Ma da dove nasce la violenza, chiede quindi il giornalista del quotidiano torinese: «Ricordiamoci sempre che se vuoi capire che cos’è la violenza devi prima capire che cos’è la paura. Purtroppo per molti giovanissimi la violenza è un modo per vincere le proprie paure e insicurezze. L’adolescenza è una fase di metamorfosi: c’è il corpo che cambia, c’è la paura di rimanere da soli».



ANDREOLI E LE BABY GANG: “FAMIGLIA E SCUOLA SONO FONDAMENTALI”
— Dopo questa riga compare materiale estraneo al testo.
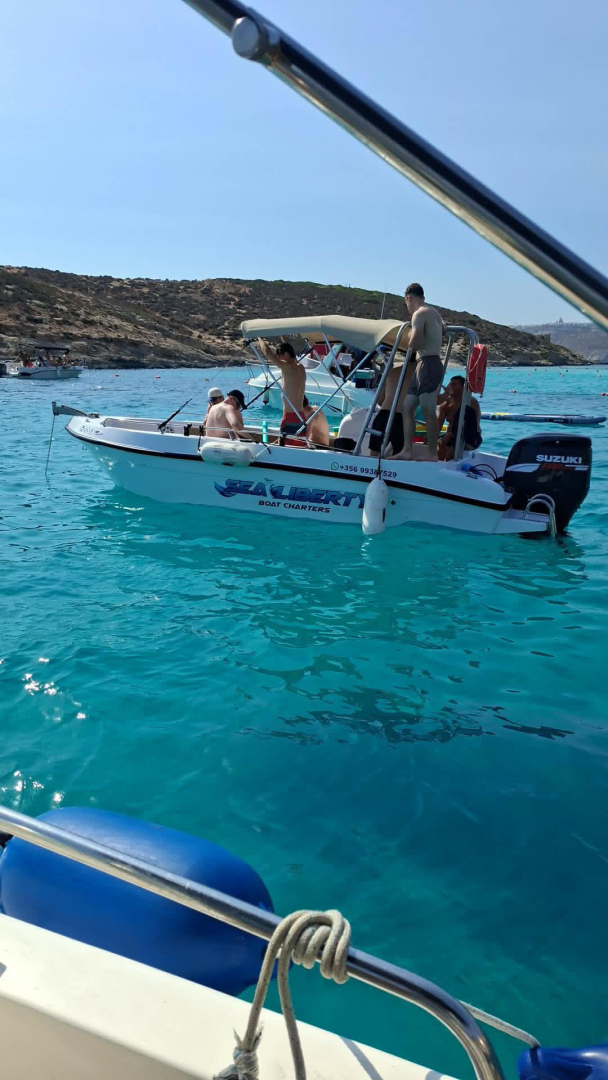 Pronajmout Motorová loď se skipperem či ne Buccaneer v Gozo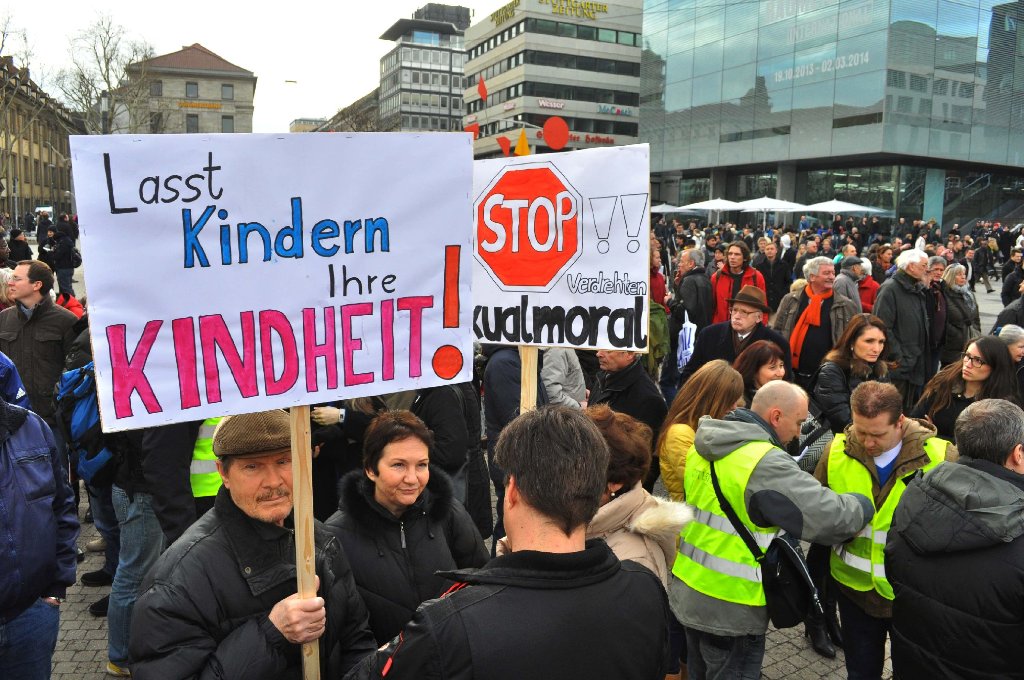 Die Gegner der Aufwertung des Themas Homosexualität im Schulunterricht demonstrieren in Stuttgart. Foto: Fotoagentur-Beytekin Foto Andreas Rosar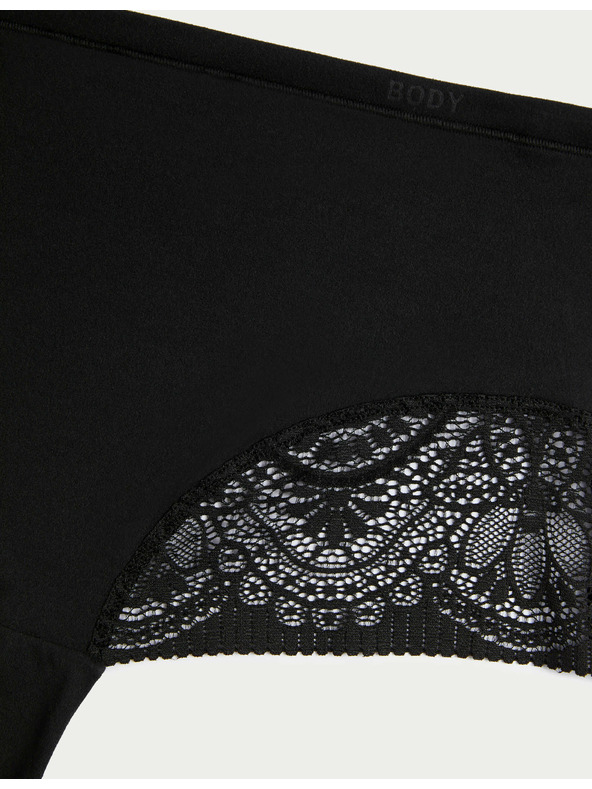 Marks & Spencer Sada tří dámských krajkových kalhotek s vysokým pasem v černé barvě Marks & Spencer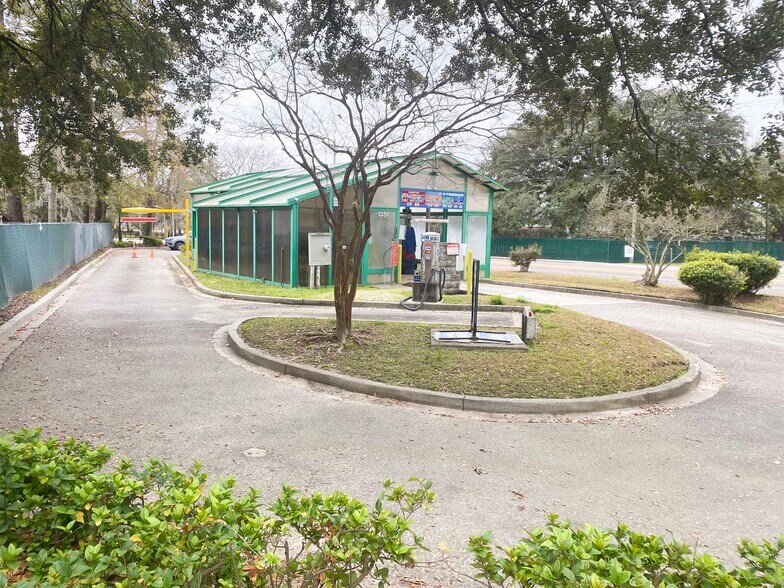 1351 Ashley River Rd, Charleston, SC 29407 Carwash For Sale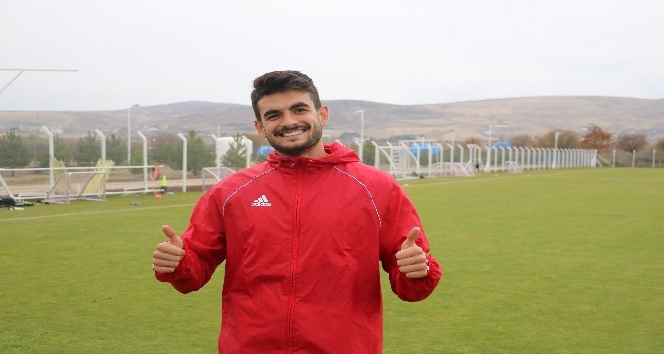Fatih Aksoy: “3 maçtır daha iyi oynuyorum”
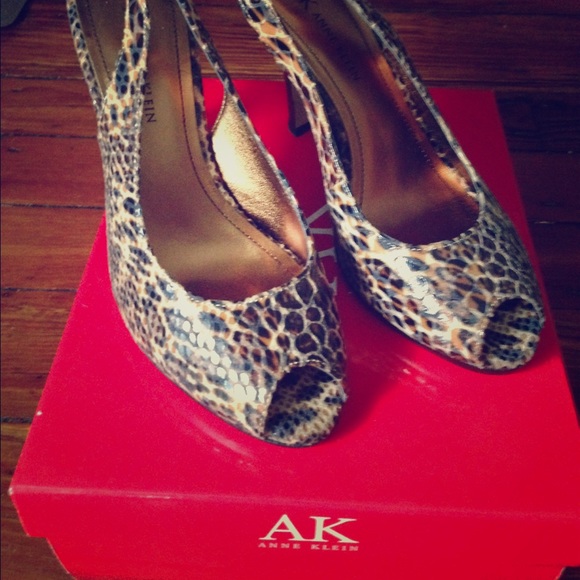 NWOT! Anne Klein peep toes!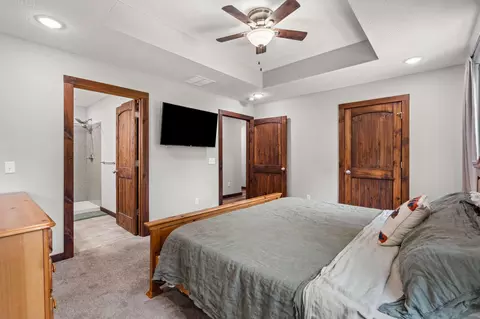 Bedroom - 190 Cedar Brooke Estates Dr, Forsyth, MO 65653 photo 2 of 5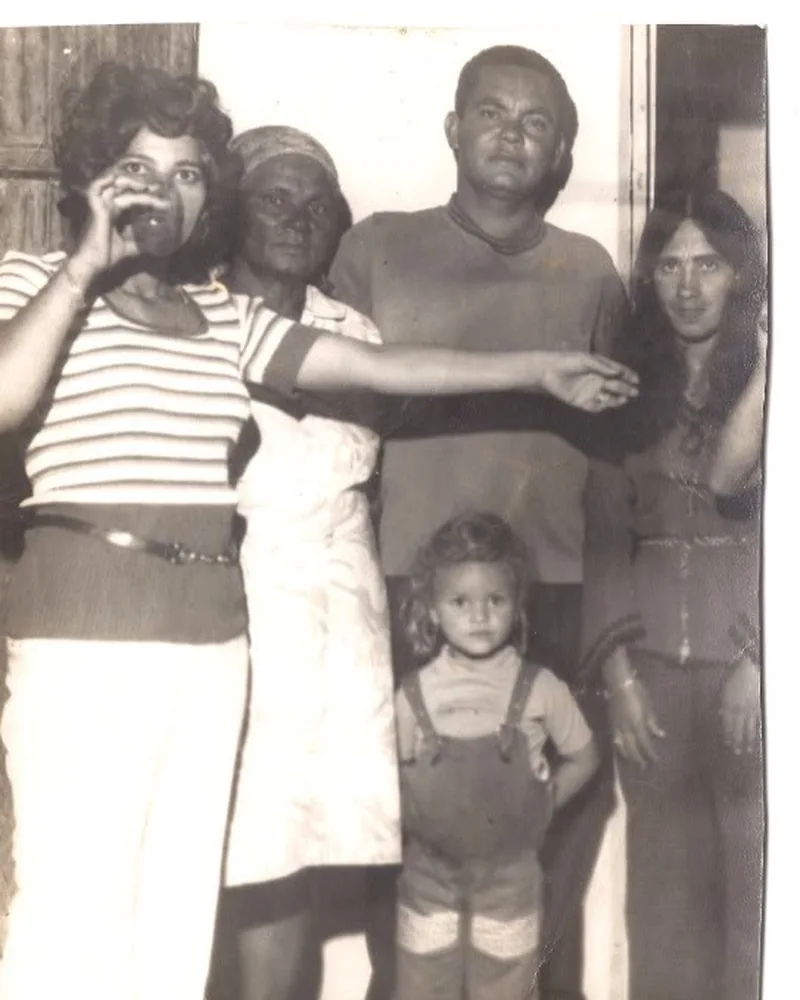 Família de Marcos Adriano reunida em um registro antigo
Andreoli prosegue: «La baby gang distrugge, ruba, picchia: ha il gusto della distruzione tanto che piuttosto che violenza bisognerebbe chiamarla distruttività. La baby gang prova soddisfazione nel distruggere perché la distruzione fornisce una percezione psicologica fortissima e domina totalmente la realtà». Ma c’è un modo per arginare questa triste tendenza vista l’escalation degli ultimi tempi? Secondo lo psichiatra non servono le forze dell’ordine ma la scuola e la famiglia: «Il ruolo più importante lo svolge l’educazione da parte delle famiglie e della scuola. Occorre che gli adolescenti si sentano gratificati, che si sentano piccoli protagonisti. Per questa ragione è determinante farli sentire utili e importanti in famiglia come nella società. Bisogna dare dei ruoli sociali agli adolescenti, mentre purtroppo la società non li tiene in considerazione, così come fa con i vecchi. E invece, a entrambi questi gruppi, occorre dare qualcosa da fare». Andreolli propone quindi alcuni esempi di ‘utilità’ per i giovani: «Per esempio potrebbero fare compagnia, anche con una telefonata, agli anziani soli. O potrebbero essere coinvolti, a piccoli gruppi, in laboratori artigianali. La via giusta è quella dell’educazione pratica. Gli adolescenti potrebbero anche costruirsi i loro amati computer e telefonini».